The incentives have caused movies like 30 Minutes or Less (Jesse Eisenberg), Oz: The Great and Powerful (James Franco), and the upcoming Batman vs. Superman: Dawn of Justice to be filmed in our state.
“As a young filmmaker and someone who has grown up in Michigan, I have always been a big supporter of the state. However without film incentives, once I graduate I will most likely be forced to go elsewhere to look for jobs. With so many colleges and universities in Michigan offering majors in film, the state’s choice makes me wonder how many taxpayers and citizens it may lose in the coming years because of a few politicians choices to damage an industry that is viable for many young professionals.” said film major Jacob Fisher.
Associate professor Dorie Shelby said
“Without film incentives, films won’t be made in Michigan. That’s just reality. All but a dozen or so states offer varying degrees of tax breaks to filmmakers. What I fear people lose sight of, is the fact that Michigan’s incentive package was never designed solely to attract Hollywood Fat Cat. It was designed, and is still intended, to make production a viable industry in this state by giving tax breaks to local industry professionals who work in production that’s outside of the blockbuster feature film. The incentives were meant to kickstart the industry that also produces local programming, television commercials, content for the web, video games, and a host of other production related businesses. In my view, cutting the incentives is short sighted and a blow to what could be a thriving and prosperous industry in Michigan.”
No dates have been released for the Senate’s opportunity to weigh in on the matter.
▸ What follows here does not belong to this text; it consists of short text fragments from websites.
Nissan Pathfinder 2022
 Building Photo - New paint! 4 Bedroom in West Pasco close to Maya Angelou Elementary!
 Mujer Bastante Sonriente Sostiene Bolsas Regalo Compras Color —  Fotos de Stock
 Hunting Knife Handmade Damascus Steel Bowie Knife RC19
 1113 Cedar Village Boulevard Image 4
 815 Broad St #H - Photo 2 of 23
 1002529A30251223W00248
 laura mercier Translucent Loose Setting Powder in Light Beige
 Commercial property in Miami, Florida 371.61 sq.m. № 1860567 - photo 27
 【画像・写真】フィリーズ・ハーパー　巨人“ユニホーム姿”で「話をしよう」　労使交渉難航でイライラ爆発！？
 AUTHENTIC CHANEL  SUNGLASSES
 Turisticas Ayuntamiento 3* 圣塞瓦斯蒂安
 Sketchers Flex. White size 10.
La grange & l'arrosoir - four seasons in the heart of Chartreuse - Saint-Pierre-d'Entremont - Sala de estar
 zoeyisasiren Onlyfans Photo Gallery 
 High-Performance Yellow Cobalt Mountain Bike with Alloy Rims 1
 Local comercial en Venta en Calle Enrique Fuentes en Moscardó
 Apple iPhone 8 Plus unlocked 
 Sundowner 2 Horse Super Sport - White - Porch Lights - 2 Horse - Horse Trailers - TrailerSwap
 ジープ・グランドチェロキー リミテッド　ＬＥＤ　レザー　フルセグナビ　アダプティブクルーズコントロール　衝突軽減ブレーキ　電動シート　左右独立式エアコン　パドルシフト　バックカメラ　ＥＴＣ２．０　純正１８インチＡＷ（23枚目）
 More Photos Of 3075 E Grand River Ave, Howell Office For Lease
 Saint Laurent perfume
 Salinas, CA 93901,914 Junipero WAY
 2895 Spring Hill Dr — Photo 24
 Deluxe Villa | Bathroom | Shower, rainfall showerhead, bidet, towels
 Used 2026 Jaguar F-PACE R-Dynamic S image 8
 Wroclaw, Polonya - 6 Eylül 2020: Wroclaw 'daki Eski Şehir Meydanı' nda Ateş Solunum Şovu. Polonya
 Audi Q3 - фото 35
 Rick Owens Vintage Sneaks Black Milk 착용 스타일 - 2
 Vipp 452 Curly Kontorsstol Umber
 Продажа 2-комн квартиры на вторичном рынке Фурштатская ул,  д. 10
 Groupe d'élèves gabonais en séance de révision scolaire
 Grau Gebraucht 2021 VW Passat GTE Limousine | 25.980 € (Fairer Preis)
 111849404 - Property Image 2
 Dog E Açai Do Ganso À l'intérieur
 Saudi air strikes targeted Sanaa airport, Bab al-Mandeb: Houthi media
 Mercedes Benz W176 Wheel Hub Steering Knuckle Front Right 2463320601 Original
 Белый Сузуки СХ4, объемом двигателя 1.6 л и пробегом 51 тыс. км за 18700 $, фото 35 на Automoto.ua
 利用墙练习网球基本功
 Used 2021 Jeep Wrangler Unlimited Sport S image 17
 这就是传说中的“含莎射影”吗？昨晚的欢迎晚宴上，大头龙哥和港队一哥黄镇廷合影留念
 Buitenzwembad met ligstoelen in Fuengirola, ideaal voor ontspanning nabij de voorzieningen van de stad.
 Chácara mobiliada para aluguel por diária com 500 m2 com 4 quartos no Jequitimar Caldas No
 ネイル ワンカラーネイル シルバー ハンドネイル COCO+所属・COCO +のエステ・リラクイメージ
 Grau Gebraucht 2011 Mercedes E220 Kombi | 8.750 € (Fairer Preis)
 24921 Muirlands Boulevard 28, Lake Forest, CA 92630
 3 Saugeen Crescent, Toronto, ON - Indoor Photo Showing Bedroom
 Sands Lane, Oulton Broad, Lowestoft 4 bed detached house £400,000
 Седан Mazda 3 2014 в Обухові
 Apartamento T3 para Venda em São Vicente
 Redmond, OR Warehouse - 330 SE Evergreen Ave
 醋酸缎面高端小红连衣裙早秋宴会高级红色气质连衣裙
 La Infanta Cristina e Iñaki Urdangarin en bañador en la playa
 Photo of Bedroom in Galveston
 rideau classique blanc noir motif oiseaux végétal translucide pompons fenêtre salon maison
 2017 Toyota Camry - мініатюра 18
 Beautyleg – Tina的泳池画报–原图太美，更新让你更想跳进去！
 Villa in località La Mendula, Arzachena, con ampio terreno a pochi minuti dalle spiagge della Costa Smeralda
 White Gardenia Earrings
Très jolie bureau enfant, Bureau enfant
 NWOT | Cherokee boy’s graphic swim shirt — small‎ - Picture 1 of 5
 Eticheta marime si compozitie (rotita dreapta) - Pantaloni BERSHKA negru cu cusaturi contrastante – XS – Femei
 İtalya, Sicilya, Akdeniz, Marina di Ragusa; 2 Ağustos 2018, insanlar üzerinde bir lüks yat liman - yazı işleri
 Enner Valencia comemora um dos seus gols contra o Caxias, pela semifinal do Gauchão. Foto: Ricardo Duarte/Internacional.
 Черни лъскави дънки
“Ever since the end of Jennifer Granholm’s term as governor, the film incentives have become an arguing point between republicans and democrats, with few exceptions. Hopefully in the weeks to come Michigan taxpayers will be able to see their politicians put aside party differences in order to come to an honest and viable decision regarding the future of Michigan’s film incentives and ultimately the film industry that currently exists in Michigan.” Fisher said.